Au cours de l’enquête, nous avons ainsi interviewé 99 personnes, dont 44 agents de la communauté urbaine et de l’agence d’urbanisme, 36 acteurs des milieux économiques, 5 agents d’autres institutions locales, 7 élus locaux, et 7 « autres » (avant tout des consultants). 10 personnes ont été interviewées pendant la phase d’exploration de notre enquête, 69 ont été interviewées une fois dans un objectif avant tout informatif et 20 ont été interviewées au moins deux fois de manière plus qualitative (tout particulièrement 2 élus, 4 acteurs des milieux économiques et 4 agents de la communauté urbaine).

Néanmoins, certains entretiens exploratoires n’ont finalement pas été véritablement exploités. En outre, nous avons tenu à maintenir le complet anonymat de certains des acteurs cités ou mentionnés dans ce travail. Enfin, certains entretiens informatifs se recoupaient. Si ces recoupements nous ont aidée à identifier des thèmes récurrents pendant la phase de traitement de notre matériau, il ne nous a pas semblé utile de les signaler systématiquement dans notre démonstration.

Au final, donc, 71 personnes interviewées sont explicitement mentionnées dans ce travail, dont 31 agents de la communauté urbaine et de l’agence d’urbanisme, 28 acteurs des milieux économiques, 5 élus locaux, 3 agents d’autres institutions locales et 4 « autres » (avant tout des consultants) 110 .
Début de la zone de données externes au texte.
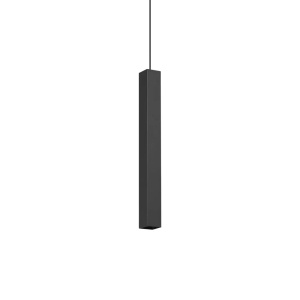 Pendul Look patrat D40 H400, 1xGU10, IP20, negru, Ideal Lux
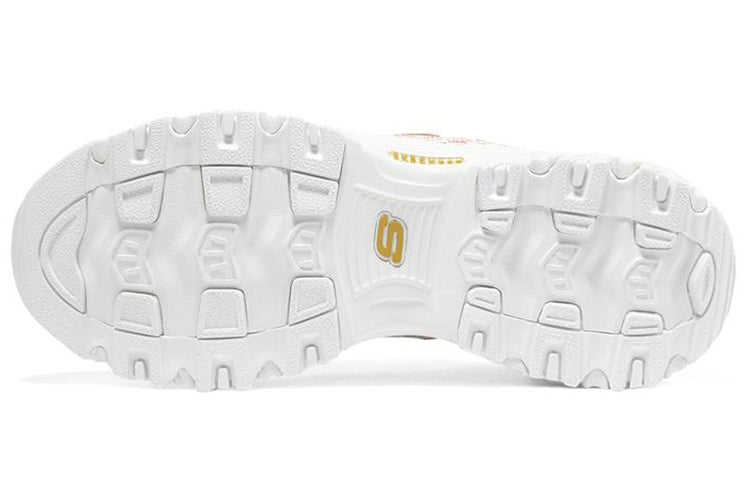 (WMNS) Skechers D'Lites 1.0 'White Red' 149790-WRD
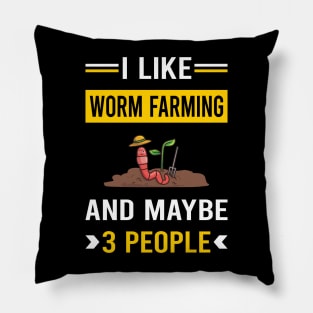 3 People Worm Farming Farmer Vermiculture Vermicompost Vermicomposting Pillow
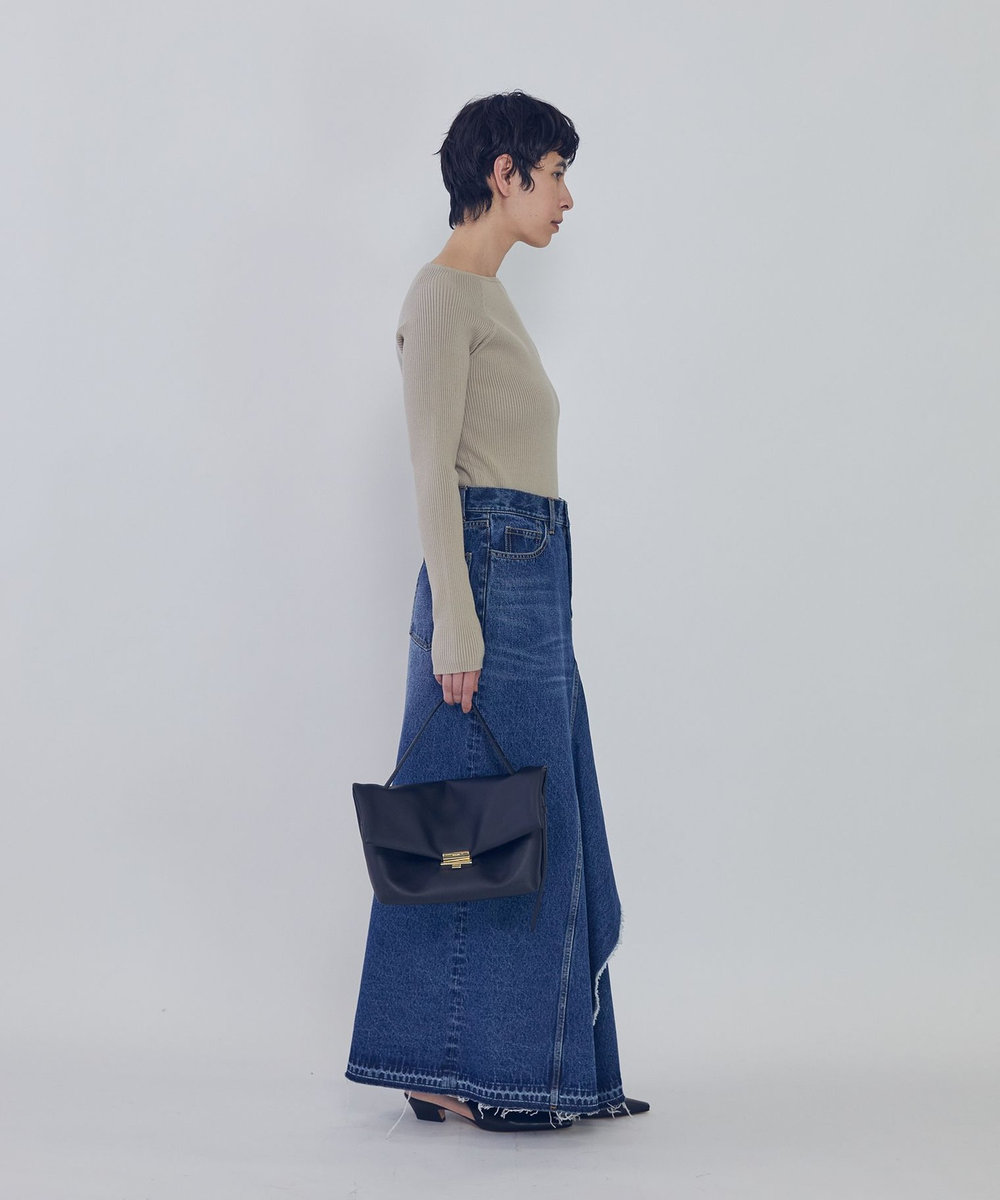 1er Arrondissement デニムスカート インディゴブルー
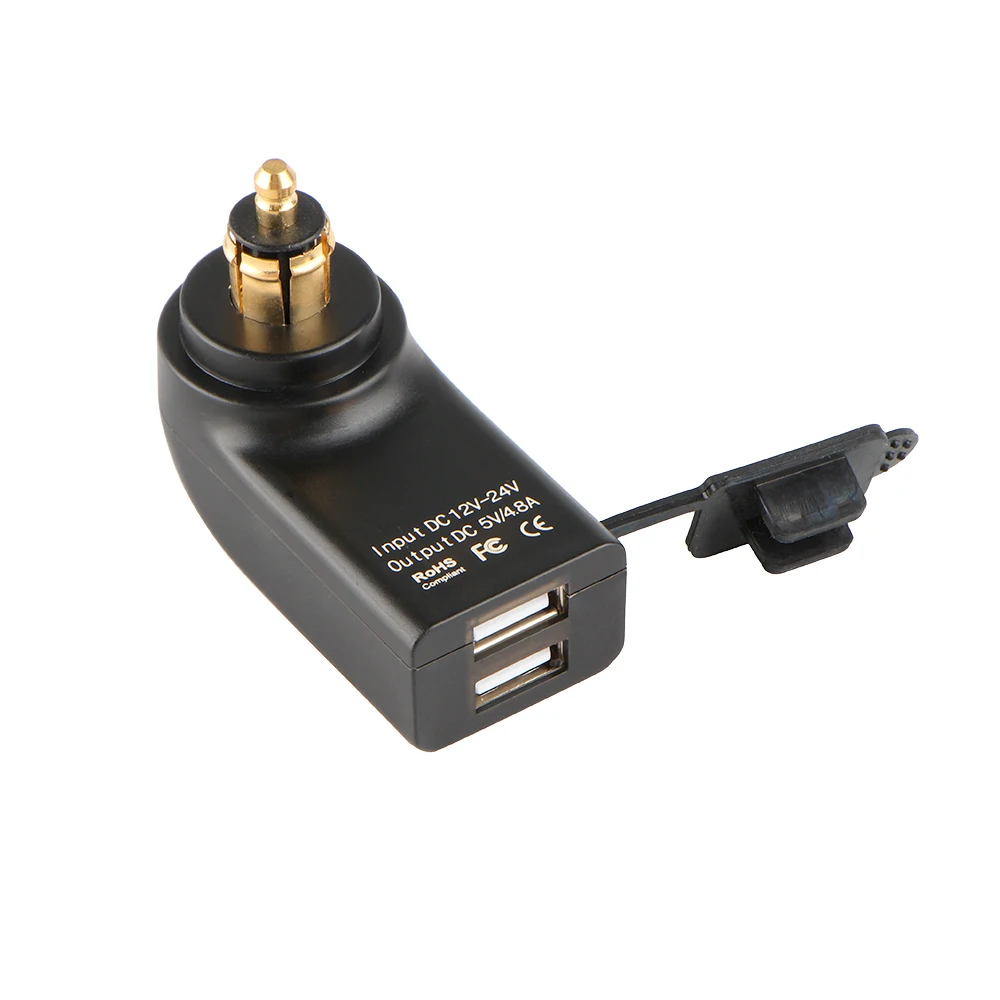 R1250GS ADV LC for BMW R1200GS S1000XR F800GS F850GS F900R/XR Motorcycle Dual USB Charger Power Adapter Cigarette Lighter Socket motorcycle quick charger usb type c qc 3 0 power adapter socket plug for bmw r1100rt r1250gs adventure r1200gs gs1200 adv lc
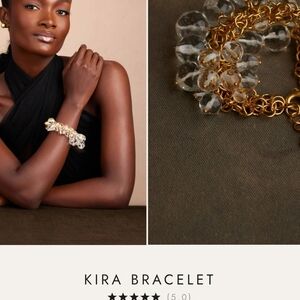 Khoi Gold KIRA  and Clear Bracelet BRAND NEW WITH TAG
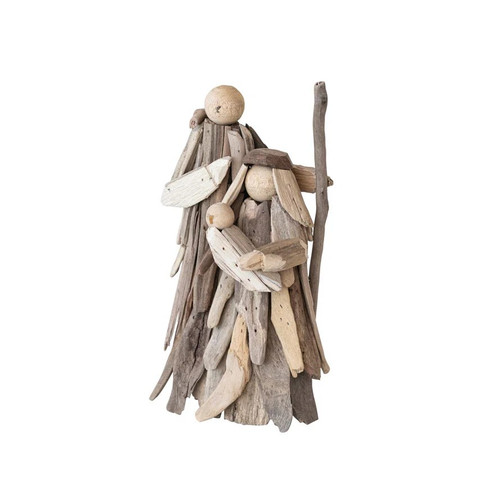 Driftwood Holy Family Figurine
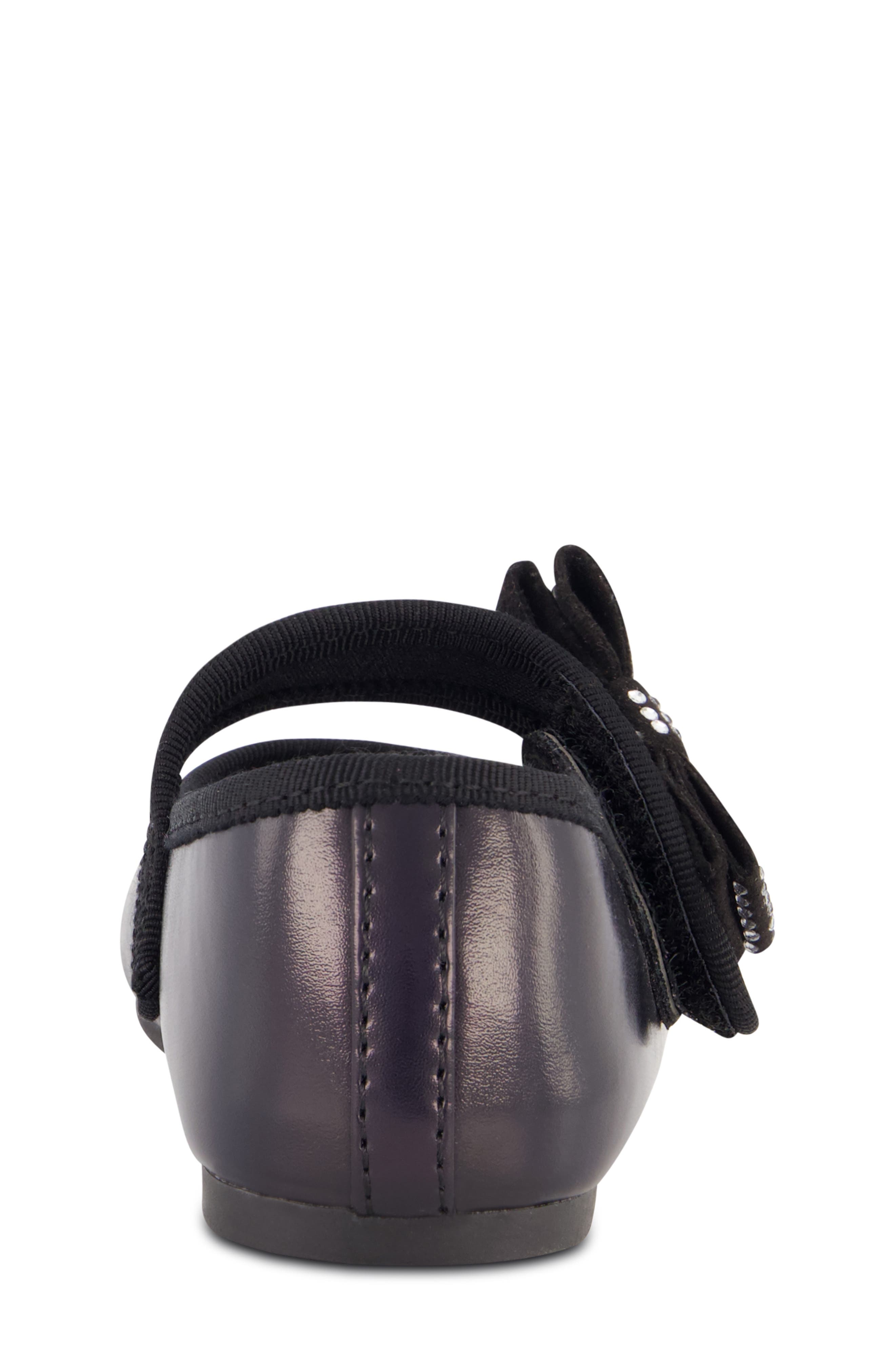 Jessica Simpson Kids' Amy Crystal Mary Jane Flat, Alternate, color, Black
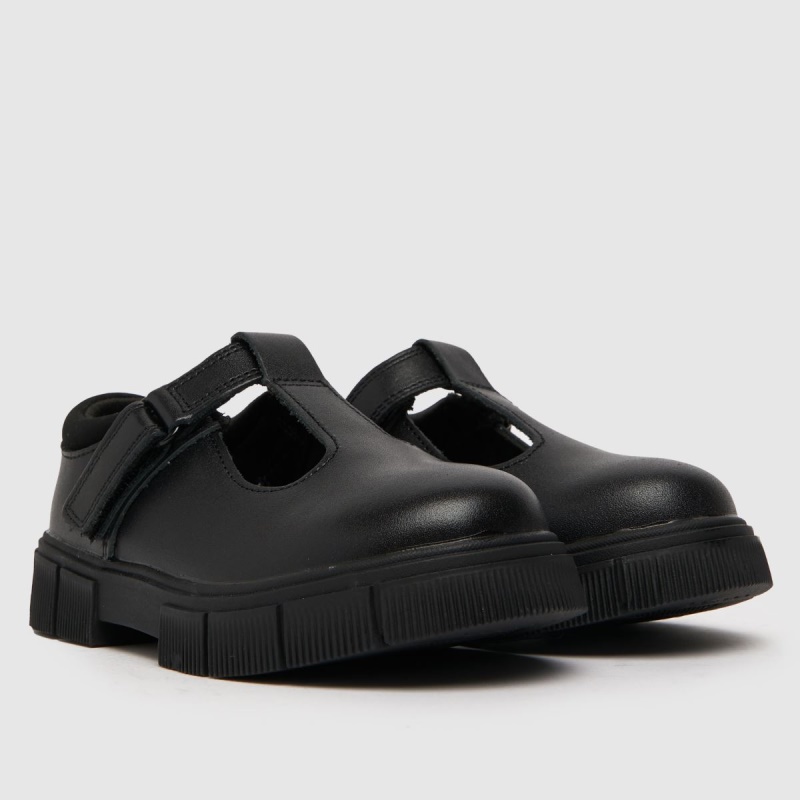 Schuh Loopy Cuero T Bar Niñas Zapatos De Niño Dr.martens Botas Negro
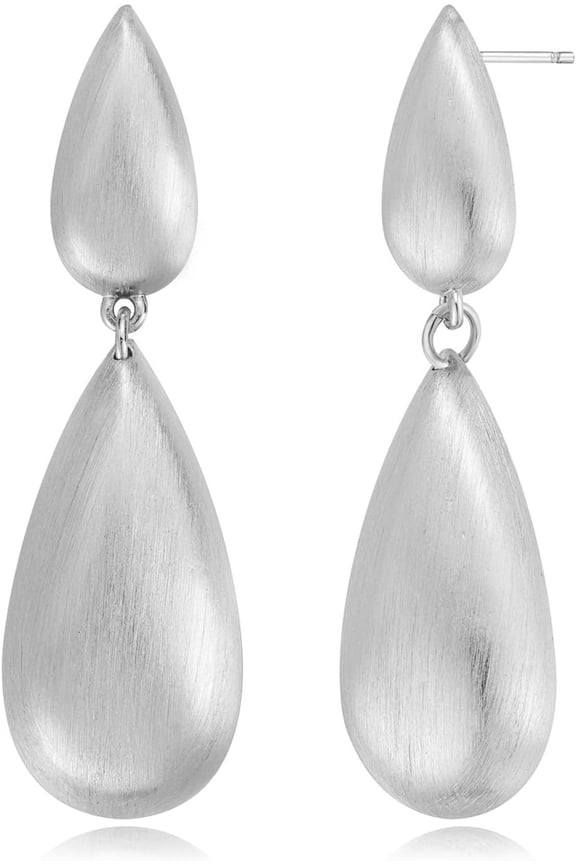 Gold Earrings For Women 14K Gold Plated Threaded Pearl Drop Earrings Hypoallergenic Dainty Baroque Pearl Geometric Rectangle Waterdrop Dangle Statement Earrings For Women Trendy[Z2063]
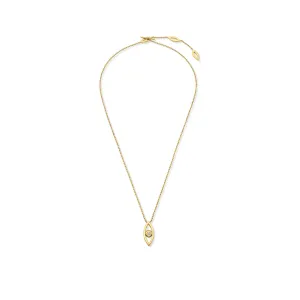 Yellow Gold Reflections Pendant with White Diamonds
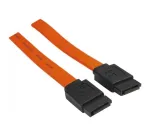 Exertis Connect 147630 SATA maitinimo prailginimo kabelis 0,2 m juodas/oranžinis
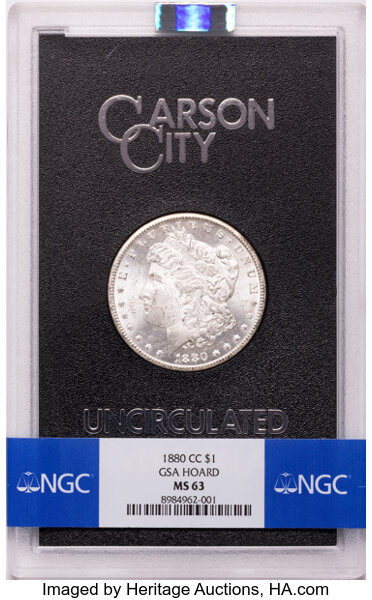 1880-CC $1  GSA Hoard, 8/Low 7 MS thumbnail 3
Nous avons également accordé une place conséquente à la méthode de l’observation dans notre protocole d’enquête. Cette dernière nous semblait en effet tout particulièrement adaptée à notre terrain. Notre démonstration s’appuie ainsi sur deux très longues observations participantes et sur une quinzaine d’observations plus ponctuelles non-participantes 111 .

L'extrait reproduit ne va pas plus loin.